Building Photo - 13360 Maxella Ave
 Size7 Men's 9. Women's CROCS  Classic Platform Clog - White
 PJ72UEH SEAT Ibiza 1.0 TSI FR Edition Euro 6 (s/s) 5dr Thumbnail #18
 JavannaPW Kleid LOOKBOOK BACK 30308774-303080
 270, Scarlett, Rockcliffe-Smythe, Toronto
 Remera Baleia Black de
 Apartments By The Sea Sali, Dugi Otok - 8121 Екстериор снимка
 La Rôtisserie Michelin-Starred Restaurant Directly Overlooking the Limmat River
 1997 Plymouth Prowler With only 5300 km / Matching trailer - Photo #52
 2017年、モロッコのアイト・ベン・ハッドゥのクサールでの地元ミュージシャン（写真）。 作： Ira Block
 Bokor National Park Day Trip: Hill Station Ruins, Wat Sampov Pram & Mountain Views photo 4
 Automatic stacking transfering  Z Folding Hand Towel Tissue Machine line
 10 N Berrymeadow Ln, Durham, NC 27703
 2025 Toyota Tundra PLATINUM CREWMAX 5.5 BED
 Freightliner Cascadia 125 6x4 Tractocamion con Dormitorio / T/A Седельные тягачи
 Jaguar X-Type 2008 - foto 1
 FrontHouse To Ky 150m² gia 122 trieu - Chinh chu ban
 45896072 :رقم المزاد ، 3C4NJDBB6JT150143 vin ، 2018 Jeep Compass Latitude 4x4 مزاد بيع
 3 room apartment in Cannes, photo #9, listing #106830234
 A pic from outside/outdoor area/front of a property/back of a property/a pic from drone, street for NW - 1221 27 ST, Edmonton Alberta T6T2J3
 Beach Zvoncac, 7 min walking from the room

■ What you need to do ■
Copy exactly. Start at the line containing "La Rôtisserie Michelin-Starred" and continue through the last line of the records.

■ Answer to this task ■
 La Rôtisserie Michelin-Starred Restaurant Directly Overlooking the Limmat River
 1997 Plymouth Prowler With only 5300 km / Matching trailer - Photo #52
 2017年、モロッコのアイト・ベン・ハッドゥのクサールでの地元ミュージシャン（写真）。 作： Ira Block
 Bokor National Park Day Trip: Hill Station Ruins, Wat Sampov Pram & Mountain Views photo 4
 Automatic stacking transfering  Z Folding Hand Towel Tissue Machine line
 10 N Berrymeadow Ln, Durham, NC 27703
 2025 Toyota Tundra PLATINUM CREWMAX 5.5 BED
 Freightliner Cascadia 125 6x4 Tractocamion con Dormitorio / T/A Седельные тягачи
 Jaguar X-Type 2008 - foto 1
 FrontHouse To Ky 150m² gia 122 trieu - Chinh chu ban
 45896072 :رقم المزاد ، 3C4NJDBB6JT150143 vin ، 2018 Jeep Compass Latitude 4x4 مزاد بيع
 3 room apartment in Cannes, photo #9, listing #106830234
 A pic from outside/outdoor area/front of a property/back of a property/a pic from drone, street for NW - 1221 27 ST, Edmonton Alberta T6T2J3
 Beach Zvoncac, 7 min walking from the room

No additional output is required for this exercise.